[llvm] r271925 - [MBP] Reduce code size by running tail merging in MBP.
Diana Picus via llvm-commits
llvm-commits at lists.llvm.org
Tue Jun 7 09:11:29 PDT 2016
On 7 June 2016 at 18:24, Haicheng Wu <haicheng at codeaurora.org> wrote:
> Hi Diana,
>
> Sorry for this. I revert the patch in r272017 . If possible, would you please send me a reduced test case? Thank you.
Thanks, I'm currently reducing it on a machine similar to the bot, but
it might take a while. I'll get back to you when it's done.
>
> Best,
>
> Haicheng
>
> -----Original Message-----
> From: Diana Picus [mailto:diana.picus at linaro.org]
> Sent: Tuesday, June 07, 2016 10:00 AM
> To: Haicheng Wu <haicheng at codeaurora.org>
> Cc: llvm-commits <llvm-commits at lists.llvm.org>; Renato Golin <renato.golin at linaro.org>
> Subject: Re: [llvm] r271925 - [MBP] Reduce code size by running tail merging in MBP.
>
> Hi,
>
> We've done some investigations and it seems this commit broke our thumb selfhosting bot:
> http://lab.llvm.org:8011/builders/clang-cmake-thumbv7-a15-full-sh/builds/3602
>
> For some reason, we can't revert it. Can you help us fix this?
>
> I've attached the source file + script to reproduce the issue. I can work on a smaller reproducer if that helps.
>
> Thanks,
> Diana
>
> On 6 June 2016 at 21:36, Haicheng Wu via llvm-commits <llvm-commits at lists.llvm.org> wrote:
>> Author: haicheng
>> Date: Mon Jun 6 13:36:07 2016
>> New Revision: 271925
>>
>> URL: http://llvm.org/viewvc/llvm-project?rev=271925&view=rev
>> Log:
>> [MBP] Reduce code size by running tail merging in MBP.
>>
>> The code layout that TailMerging (inside BranchFolding) works on is
>> not the final layout optimized based on the branch probability.

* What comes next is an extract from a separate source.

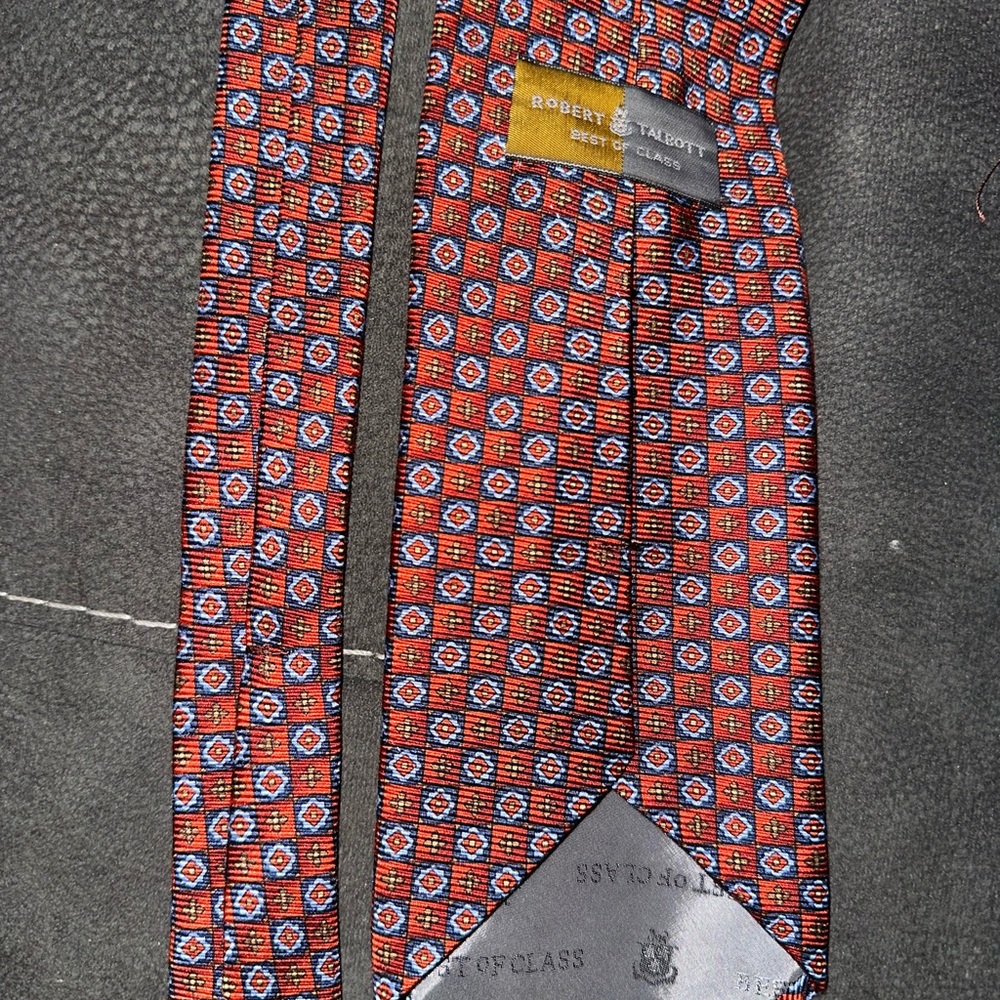 Red And Blue Patterned Tie Robert Talbott - image 4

>> Generally, after BlockPlacement, many new merging opportunities emerge.
>>
>> This patch calls Tail Merging after MBP and calls MBP again if Tail
>> Merging merges anything.
>>
>> Differential Revision: http://reviews.llvm.org/D20276
>>
>> Added:
>> llvm/trunk/test/CodeGen/AArch64/tailmerging_in_mbp.ll
>> Modified:
>> llvm/trunk/lib/CodeGen/BranchFolding.cpp
>> llvm/trunk/lib/CodeGen/BranchFolding.h
>> llvm/trunk/lib/CodeGen/MachineBlockPlacement.cpp
>> llvm/trunk/test/CodeGen/ARM/arm-and-tst-peephole.ll
>>
>> Modified: llvm/trunk/lib/CodeGen/BranchFolding.cpp
>> URL:
>> http://llvm.org/viewvc/llvm-project/llvm/trunk/lib/CodeGen/BranchFoldi
>> ng.cpp?rev=271925&r1=271924&r2=271925&view=diff
>> ======================================================================
>> ========
>> --- llvm/trunk/lib/CodeGen/BranchFolding.cpp (original)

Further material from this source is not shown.